The gun rights group DontComply.com, along with their open carry movement Come and Take It Texas, announced on Dec. 9 that they planned to perform a fake mass shooting on the campus of the University of Texas (UT) in Austin on the weekend of Dec. 12. However, they are now likely going to move it off-campus under the threat of arrest.
“It’s a fake mass shooting, and we’ll use fake blood,” Matthew Short, a spokesperson for the groups, told the Austin American-Statesman in the original announcement.
Short said that actors would play victims and rescuers, gun noises are going to be played through bullhorns and rescuers, and guns will be cardboard weapons.
“We want to bring light to the fact that people are dying because we outlaw guns,” Short told The Texas Tribune. “We are going to do it as a visual demonstration so that people can get an understanding of what might actually happen in this situation.”
A UT spokesman, however, said that the mock mass shooting would be considered criminal trespassing if the gun rights demonstrators do not leave. This is because the university does not allow outside groups to assemble on campus.
“It probably will change our plans as far as pushing us 20 feet from where we were going to be standing, but UT is still our backdrop," Short said in response to the university's statement. "We figured this might come up."
Short was asked by the Austin American-Statesman if it was in bad taste to perform this mock mass shooting so soon after the San Bernardino, California, shooting that took 14 innocent lives less than two weeks ago.
“Not at all," Short replied. "People were able to be murdered people because no one was armed.”
Short did not mention any concerns regarding the feelings of the San Bernardino victims' families, but said: “We want criminals to fear the public being armed. An armed society is a polite society.”
A study presented at the American Sociological Association's annual meeting in August found just the opposite.

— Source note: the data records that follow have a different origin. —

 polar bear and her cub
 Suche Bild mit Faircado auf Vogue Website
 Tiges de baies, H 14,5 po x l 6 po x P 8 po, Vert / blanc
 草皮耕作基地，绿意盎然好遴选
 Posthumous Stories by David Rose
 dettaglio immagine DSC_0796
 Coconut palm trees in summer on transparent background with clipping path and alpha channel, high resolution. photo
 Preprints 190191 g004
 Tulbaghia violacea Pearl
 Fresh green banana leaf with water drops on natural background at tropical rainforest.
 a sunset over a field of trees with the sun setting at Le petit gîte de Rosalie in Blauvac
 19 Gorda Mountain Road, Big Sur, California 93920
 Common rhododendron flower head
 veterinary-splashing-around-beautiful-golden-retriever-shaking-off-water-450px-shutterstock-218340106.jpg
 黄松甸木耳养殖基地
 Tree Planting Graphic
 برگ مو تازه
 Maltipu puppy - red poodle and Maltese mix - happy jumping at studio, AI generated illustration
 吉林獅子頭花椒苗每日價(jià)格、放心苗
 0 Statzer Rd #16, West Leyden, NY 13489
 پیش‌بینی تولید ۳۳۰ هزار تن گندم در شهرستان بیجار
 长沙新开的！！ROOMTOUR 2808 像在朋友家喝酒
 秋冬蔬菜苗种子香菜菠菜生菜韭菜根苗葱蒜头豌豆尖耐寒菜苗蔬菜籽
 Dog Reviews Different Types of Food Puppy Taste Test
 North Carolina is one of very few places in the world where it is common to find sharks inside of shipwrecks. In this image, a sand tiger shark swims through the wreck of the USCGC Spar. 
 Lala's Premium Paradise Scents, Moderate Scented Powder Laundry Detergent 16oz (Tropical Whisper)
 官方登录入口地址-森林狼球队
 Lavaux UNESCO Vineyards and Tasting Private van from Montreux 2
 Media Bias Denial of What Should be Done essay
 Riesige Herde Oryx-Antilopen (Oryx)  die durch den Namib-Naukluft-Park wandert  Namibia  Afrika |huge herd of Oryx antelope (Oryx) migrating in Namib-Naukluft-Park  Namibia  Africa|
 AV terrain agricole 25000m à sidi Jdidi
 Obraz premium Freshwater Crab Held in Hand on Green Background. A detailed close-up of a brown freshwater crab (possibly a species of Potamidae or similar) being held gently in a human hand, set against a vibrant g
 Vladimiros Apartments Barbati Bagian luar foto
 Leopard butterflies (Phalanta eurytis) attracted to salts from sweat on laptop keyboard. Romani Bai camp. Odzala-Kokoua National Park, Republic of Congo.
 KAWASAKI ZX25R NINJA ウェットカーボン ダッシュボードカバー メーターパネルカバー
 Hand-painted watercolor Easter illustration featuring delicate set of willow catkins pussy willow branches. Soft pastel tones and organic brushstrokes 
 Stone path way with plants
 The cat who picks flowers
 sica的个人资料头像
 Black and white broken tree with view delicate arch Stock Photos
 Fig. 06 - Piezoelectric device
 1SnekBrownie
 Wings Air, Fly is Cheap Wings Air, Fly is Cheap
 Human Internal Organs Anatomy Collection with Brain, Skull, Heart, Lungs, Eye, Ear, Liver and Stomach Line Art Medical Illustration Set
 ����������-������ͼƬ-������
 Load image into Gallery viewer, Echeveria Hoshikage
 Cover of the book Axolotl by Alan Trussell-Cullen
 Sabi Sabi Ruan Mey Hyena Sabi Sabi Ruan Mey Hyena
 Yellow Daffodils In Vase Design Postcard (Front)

University of Alabama Criminal Justice Professor Adam Lankford's study said that the U.S. was responsible for 31 percent of the world's mass shootings between 1966 and 2012 and had the most mass shooters at 90, RT.com reported. This is all despite having only 5 percent of the world's population.
In his study of 171 countries, Lankford used the FBI's definition of mass murder, which is when four or more people are killed.
“Until now, everyone was simply speculating about the relationship between firearms and public mass shootings," Lankford said in a statement, according to RT.com. "My study provides empirical evidence of a positive association between the two.”
“Given the fact that the United States has over 200 million more firearms in circulation than any other country, it’s not surprising that our public mass shooters would be more likely to arm themselves with multiple weapons than foreign offenders,” Lankford added.